En los tiempos viejos, en cambio, nuestros antepasados no tenían otra que viajar en barco. Eternos, interminables periplos. Los niños que zarpaban desde Europa en pañales, arribaban a Buenos Aires con título universitario. Impresentables de largos esos viajes. Había viejas que llegaban a cazarse hasta tres veces arriba del vapor. Daban el “sí” en la popa y a los cuatro o cinco años firmaban el divorcio en la proa. Los perros viajaban con sus dueños, todos amontonados.

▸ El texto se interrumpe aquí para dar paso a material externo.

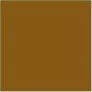 Sepia Wash 17mL - Image 5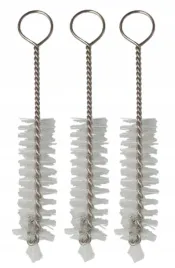 hero-szczoteczka-wycior-do-czyszczenia-waporyzatora-3-szt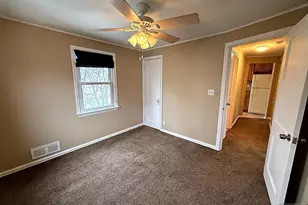 73 Horton Ave 2, Hawthorne, NJ 07506 - Photo 16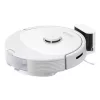 Xiaomi porszívó Roborock Q8 Max (fehér)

Aprendían a hablar de tanto tiempo que pasaban con humanos. Algunos hasta participaban de los debates políticos con los más iluminados. Una cosa de locos.
Eso fue durante las épocas de inmigración en Argentina. Los barcos salían mayoritariamente desde el Viejo Continente, atravesando el Atlántico hasta llegar a tierras gauchas. Los más guapos venían por la ruta del Pacífico. Itinerario particularmente complejo, sobre todo a la hora de cruzar Los Andes. La de mulas que murieron cargando rompehielos. Lo importante, en todo caso, fue que llegaron. Como sea, pero llegaron. Décadas después, cuando estos mismos abuelos visitan su lugar de origen, ahora en avión, no pueden creer la sencillez del asunto. Checkin, una decena de horas sentado con todos los servicios, y listo.

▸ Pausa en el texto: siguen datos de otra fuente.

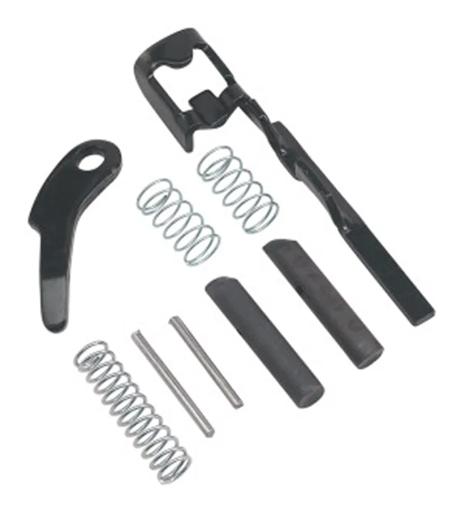 Ultra Pro - USE72484R2 - 72484R2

No falta el viejo nostálgico que, con lágrimas en los ojos, le dice a la azafata: “Cuando yo vine a Argentina no existía nada de esto ¿Cómo ha progresado el mundo, no?”. La mina, divorciada, dos hijos, que tiene que hacer 17 viajes intercontinentales por semana para poder pagar la hipoteca de la casa, lo mira con cara de “cómo no estudié para martillero público” y, sin responder, le pregunta: “¿Para la cena, pollo o pasta?”.